[Extracted records Boundary: Start]
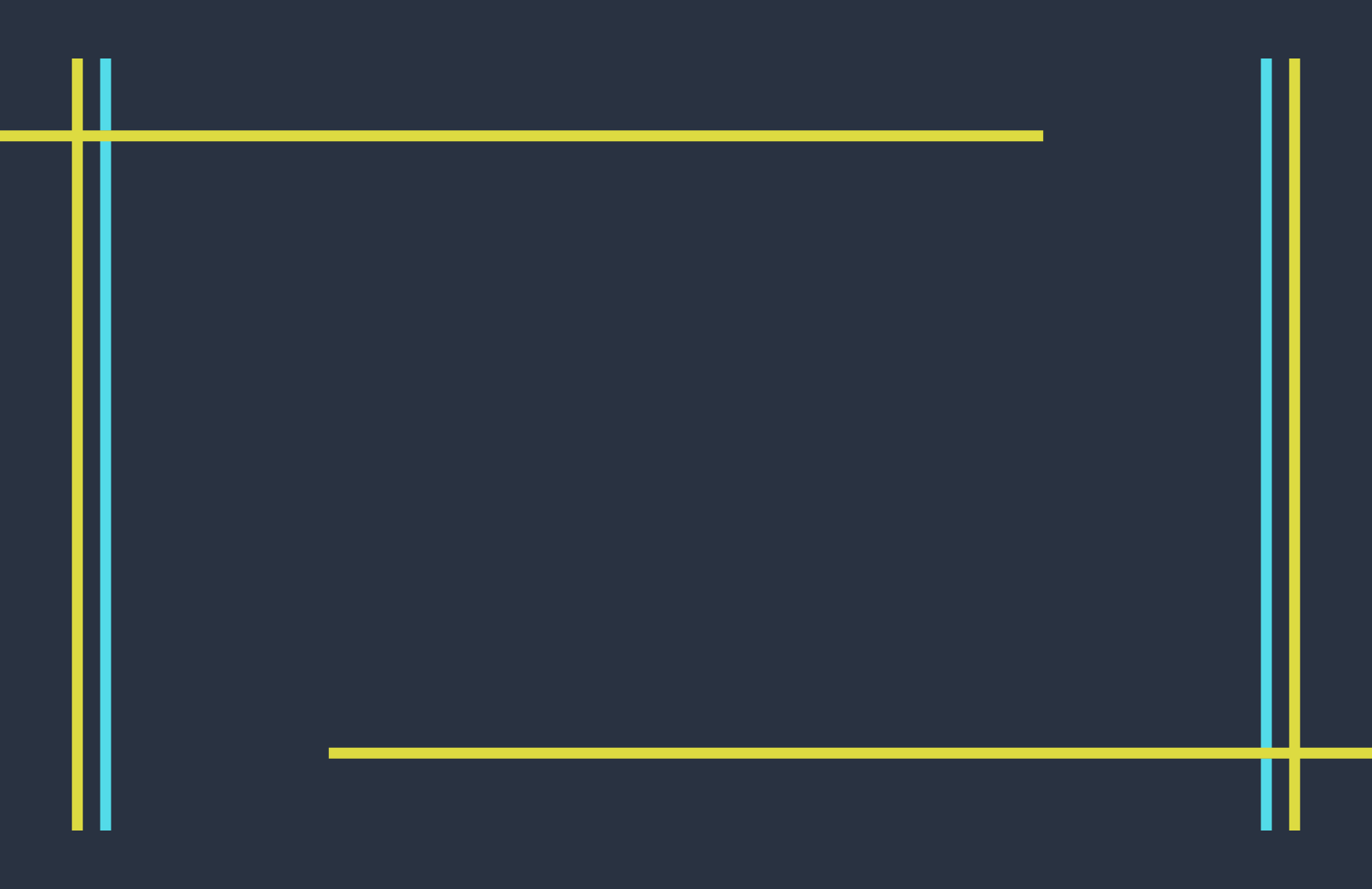 Line Presentation Border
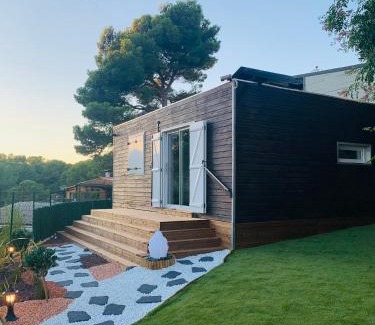 Le Castellet Ski Chalet | Fully renovated Chalet privatif suite romantique love balneo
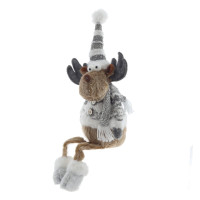 Игрушка набивная "Олень", L17 W15 H59/26 см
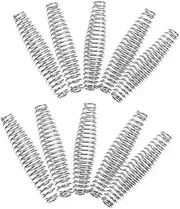 Stainless Steel Pruning Shear Replacement Spring 20pcs Shear Spring for Garden Tool Pruning Scissors Pruning Shears Spare Spring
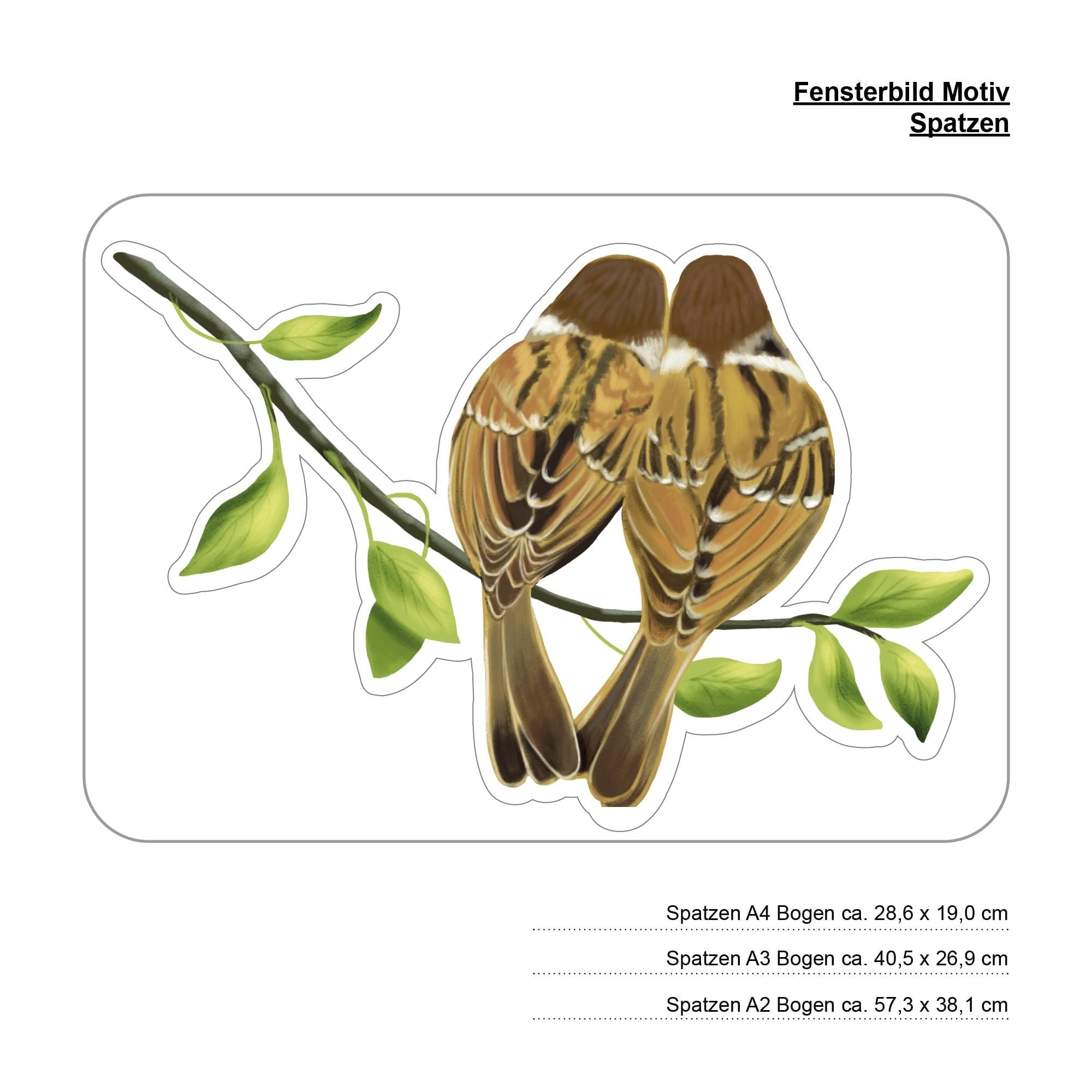 Fensterbild Vögel einzeln Vogel bunte Fensterdekoration wiederverwendbare Fenstersticker, Osterdeko, Frühlingsdeko Frühling Ostern Auf dem Bild ist das Produkt: Fensterbild Vögel einzeln Vogel bunte Fensterdekoration wiederverwendbare Fenstersticker, Osterdeko, Frühlingsdeko Frühling Ostern zum Preis von €13.9 abgebildet.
[Extracted records Boundary: End]
Your task: An exact printout of the entries is wanted, covering the first line through the line holding "Stainless Steel Pruning", with pictures kept out of it.

Solution to this exercise:
 Line Presentation Border
 Le Castellet Ski Chalet | Fully renovated Chalet privatif suite romantique love balneo
 Игрушка набивная "Олень", L17 W15 H59/26 см
 Stainless Steel Pruning Shear Replacement Spring 20pcs Shear Spring for Garden Tool Pruning Scissors Pruning Shears Spare Spring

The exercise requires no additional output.